Varo bisa merasakan bagaimana tatapan Olivia mampu membuat jantungnya berdetak kencang, ia terpesona melihat bagaimana tatapan teduh yang diberikan Olivia padanya, dan sekali lagi bibir...bagian dari wajah Olivia yang selalu berhasil menarik perhatiannya.
“Sekeras apapun kamu mencoba, kamu nggak bakalan inget aku” kata Olivia tenang. “Aku dulu lebih sering di kelas, bahkan pas istirahat aku lebih suka di kelas, dan pas kenaikan kelas aku pindah”
“Istirahat juga di kelas? Nggak pernah ke kantin sama sekali?” tanya Varo heran.
“Pernah, tapi karena kantin selalu ramai makanya aku malas. Lagian aku tiap istirahat kerjaannya baca novel.”
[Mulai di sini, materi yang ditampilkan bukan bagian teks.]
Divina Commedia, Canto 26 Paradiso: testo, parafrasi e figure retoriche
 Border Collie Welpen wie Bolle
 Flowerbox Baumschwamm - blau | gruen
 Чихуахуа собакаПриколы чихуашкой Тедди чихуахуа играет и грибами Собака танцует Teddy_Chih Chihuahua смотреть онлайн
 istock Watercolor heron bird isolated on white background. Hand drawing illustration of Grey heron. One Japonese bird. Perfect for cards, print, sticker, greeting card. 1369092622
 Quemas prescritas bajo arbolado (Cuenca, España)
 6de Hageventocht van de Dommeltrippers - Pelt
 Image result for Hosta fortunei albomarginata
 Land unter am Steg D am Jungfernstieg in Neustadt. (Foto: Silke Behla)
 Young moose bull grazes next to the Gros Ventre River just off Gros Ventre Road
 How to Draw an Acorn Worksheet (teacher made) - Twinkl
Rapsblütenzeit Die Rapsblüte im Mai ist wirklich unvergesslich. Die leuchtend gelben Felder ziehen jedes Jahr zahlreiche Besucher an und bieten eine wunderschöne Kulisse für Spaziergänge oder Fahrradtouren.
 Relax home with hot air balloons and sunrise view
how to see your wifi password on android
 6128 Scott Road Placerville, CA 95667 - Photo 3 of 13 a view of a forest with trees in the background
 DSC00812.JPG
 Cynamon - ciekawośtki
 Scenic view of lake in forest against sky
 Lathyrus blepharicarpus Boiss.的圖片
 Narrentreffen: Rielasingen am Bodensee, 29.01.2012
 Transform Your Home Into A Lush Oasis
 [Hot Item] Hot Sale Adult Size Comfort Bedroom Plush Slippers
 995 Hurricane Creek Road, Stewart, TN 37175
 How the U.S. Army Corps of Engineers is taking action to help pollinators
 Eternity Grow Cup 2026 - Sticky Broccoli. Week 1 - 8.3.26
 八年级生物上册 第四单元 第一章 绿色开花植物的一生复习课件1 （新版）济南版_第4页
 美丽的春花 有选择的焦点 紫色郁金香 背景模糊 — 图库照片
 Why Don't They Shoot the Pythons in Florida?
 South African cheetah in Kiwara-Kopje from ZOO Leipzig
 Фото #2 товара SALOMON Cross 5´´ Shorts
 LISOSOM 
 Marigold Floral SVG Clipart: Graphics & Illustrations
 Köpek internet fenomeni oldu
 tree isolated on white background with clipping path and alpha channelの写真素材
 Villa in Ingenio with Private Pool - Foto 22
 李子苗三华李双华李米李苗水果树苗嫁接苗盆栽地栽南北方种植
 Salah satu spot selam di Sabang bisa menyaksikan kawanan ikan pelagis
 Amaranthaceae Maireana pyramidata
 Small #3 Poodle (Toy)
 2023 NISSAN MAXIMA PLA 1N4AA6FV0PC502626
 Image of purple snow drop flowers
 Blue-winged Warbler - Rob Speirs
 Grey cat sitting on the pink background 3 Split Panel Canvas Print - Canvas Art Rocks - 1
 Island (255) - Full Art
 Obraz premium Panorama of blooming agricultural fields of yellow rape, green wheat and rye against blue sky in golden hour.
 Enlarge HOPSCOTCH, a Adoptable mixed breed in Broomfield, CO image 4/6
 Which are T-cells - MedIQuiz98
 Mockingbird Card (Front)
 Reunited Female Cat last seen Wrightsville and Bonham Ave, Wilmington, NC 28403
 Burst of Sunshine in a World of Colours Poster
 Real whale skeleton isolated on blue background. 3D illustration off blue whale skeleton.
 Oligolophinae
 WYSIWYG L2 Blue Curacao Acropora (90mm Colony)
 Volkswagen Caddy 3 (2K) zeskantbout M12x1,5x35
Kepala Varo menggeleng dengan ekspresi serius. “Kamu itu kayak cewek cantik anti sosial yang munculnya pas gedung sekolah kebakar”
“Eh tapi aku dulu berharap sekolah kita kebakar tau, biar aku nggak usah sekolah”
“Sama aku juga, biar aku nggak usah belajar”
“Aku sih suka belajar, yang aku nggak suka sama teman-teman lain, pada berisik suka gangguin aku”
“Mungkin karena kamu cantik, makanya sering diganggu” balas Varo.
“Aku, cantik” gumam Olivia pelan terdengar seperti sebuah pernyataan dan juga pertanyaan. “Kamu suka cewek cantik?”
“Kamu sendiri suka cowok cakep nggak?“ Varo malah membalik pertanyaan Olivia.
“Aku suka cowok baik”
“Kalo gitu sama, aku juga suka cewek baik.”
Olivia tersenyum tipis. “Berarti aku nggak masuk ke tipe kamu”
“Kenapa? Karena kamu bukan cewek baik?”
“Iya”
“Wow. Kalo gitu jauh-jauh dua meter dari aku” balas Varo bercanda, Olivia tertawa geli menuang winenya ke dalam gelas.
“Apa contoh kalo kamu bukan cewek yang baik?” pancing Varo terdengar ingin tahu. Semua pernyataan dari bibir Olivia seakan memiliki medan magnet kuat yang dapat dengan mudah menarik rasa keingintahuannya naik kepermukaan.
“Hmm.” Olivia bergumam, ia memperbaiki posisi duduknya agar dapat menatap ke arah garis pantai dengan benar.
Varo menunggu, ia terlihat begitu menikmati ekspresi serius Olivia ketika memikirkan jawaban atas pertanyaannya. Tapi setelah beberapa lama, Olivia malah memalingkan wajah ke arah Varo, tanpa mengatakan apapun senyum manisnya muncul. Dan setelah itu Varo yakin benar, ada sesuatu yang salah dengan dirinya, karena tanpa sadar ia perlahan mulai menyukai Olivia.